Segment Open

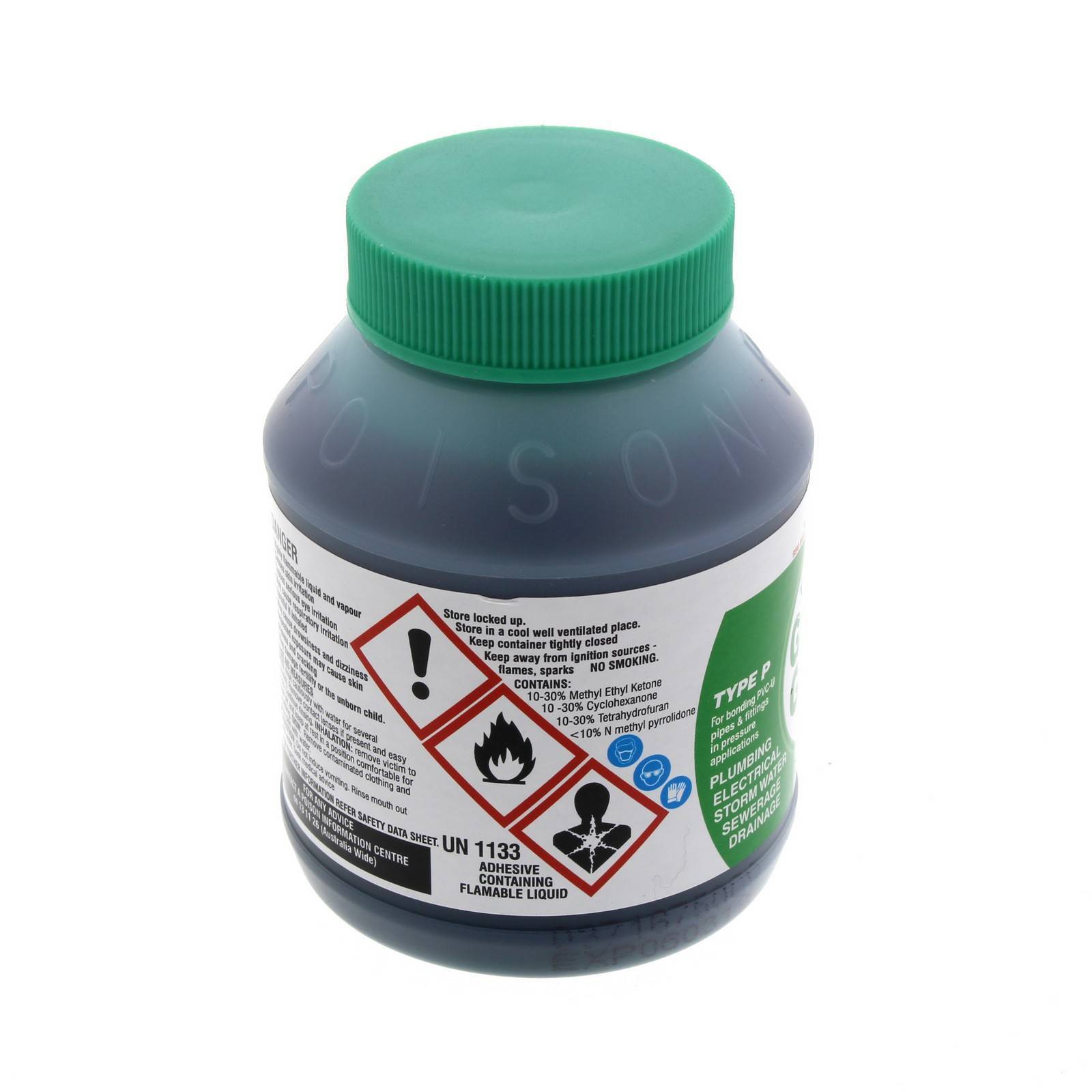 Stormwater Cement PVC High Pressure Green 250ml Fitting Glue Repair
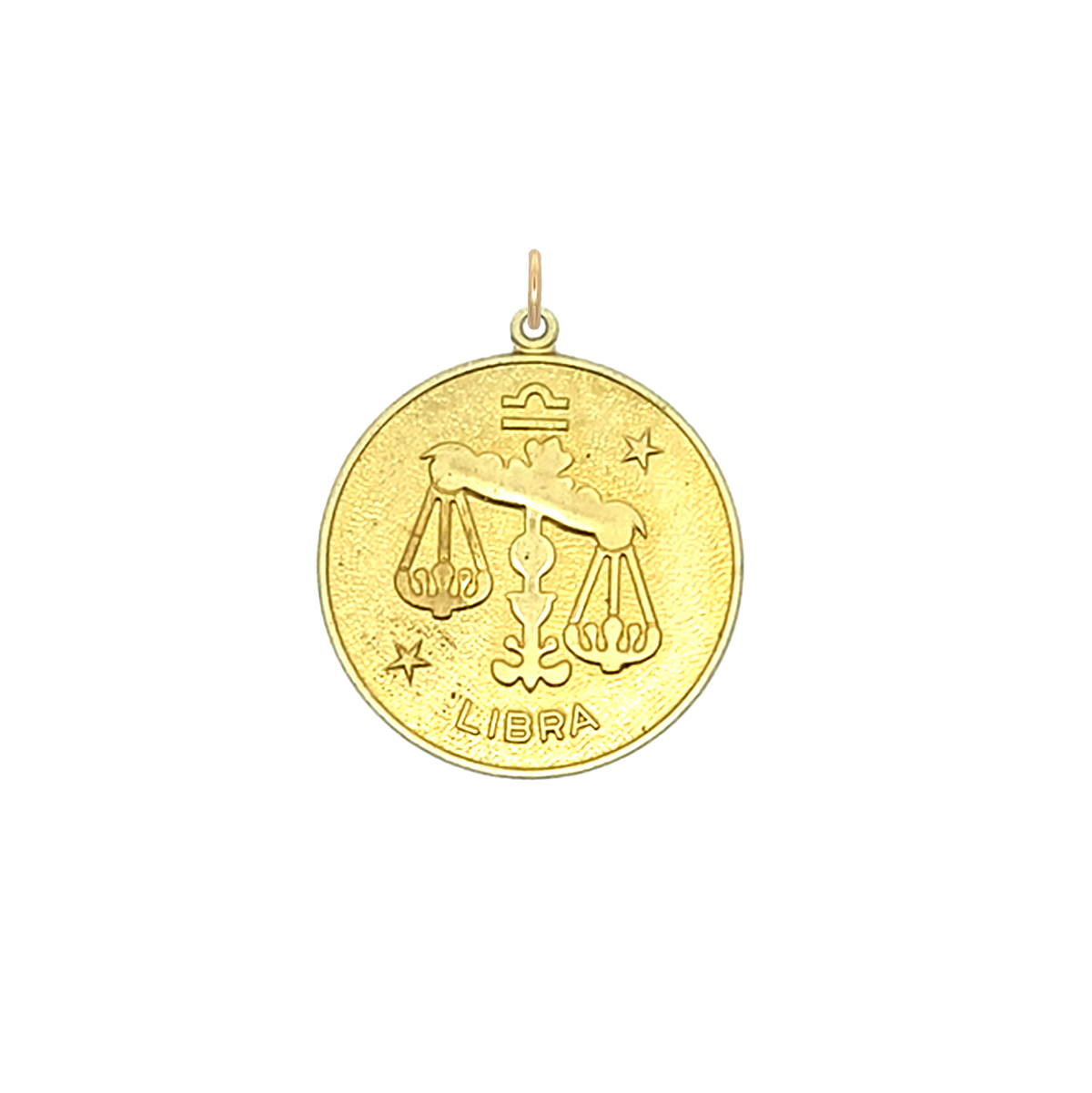 Libra Vintage Star Zodiac Charm Brass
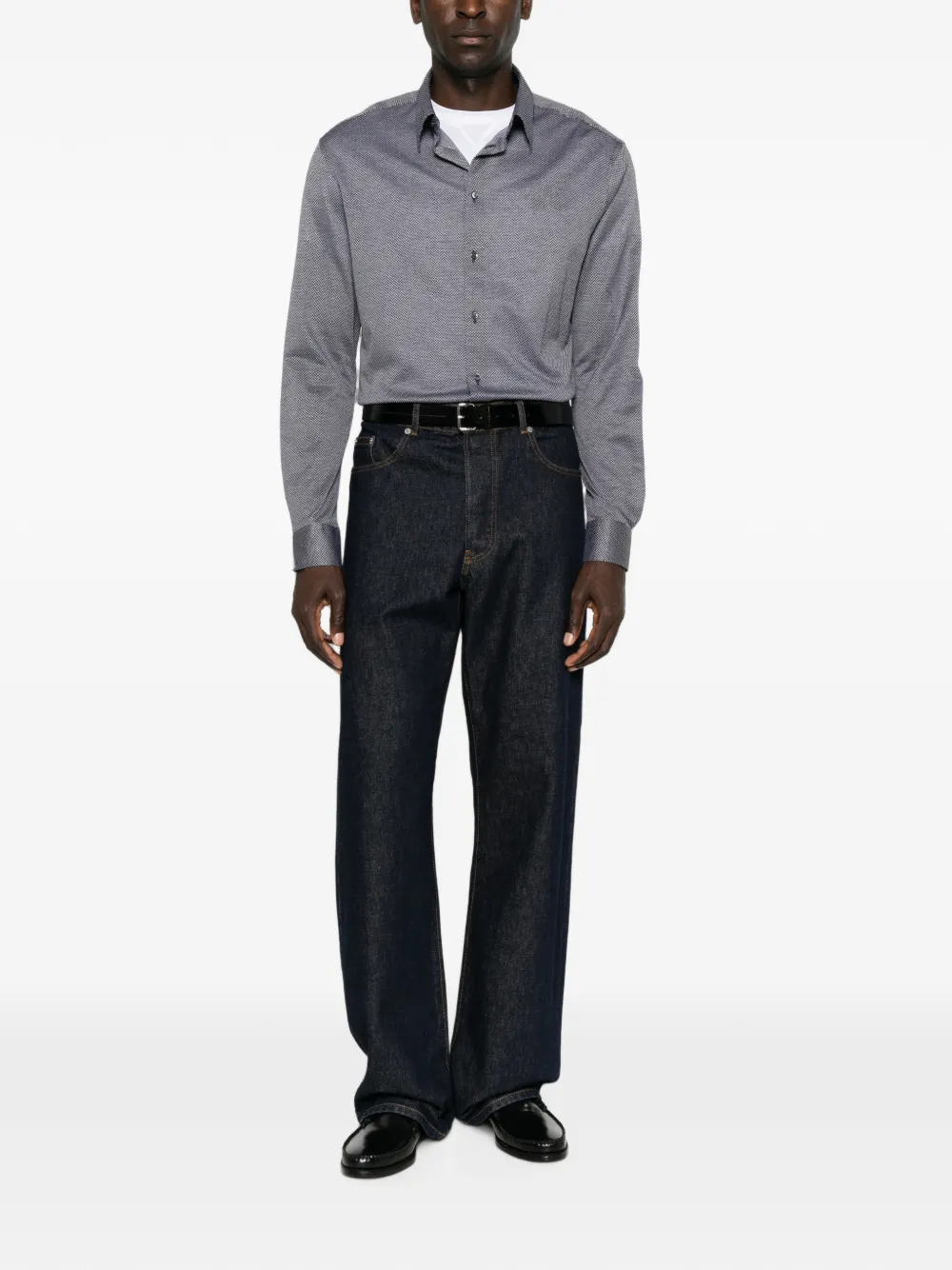 Giorgio Armani Regular-fit overhemd van katoenen jersey met micro-jacquard Blauw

Segment Closed

Required work: Once the line with "Libra Vintage Star Zodiac Charm Brass" is found, write out that line and every later line of the listing above exactly, through the last one, and skip any pictures.

Answer space:
 Libra Vintage Star Zodiac Charm Brass
 Giorgio Armani Regular-fit overhemd van katoenen jersey met micro-jacquard Blauw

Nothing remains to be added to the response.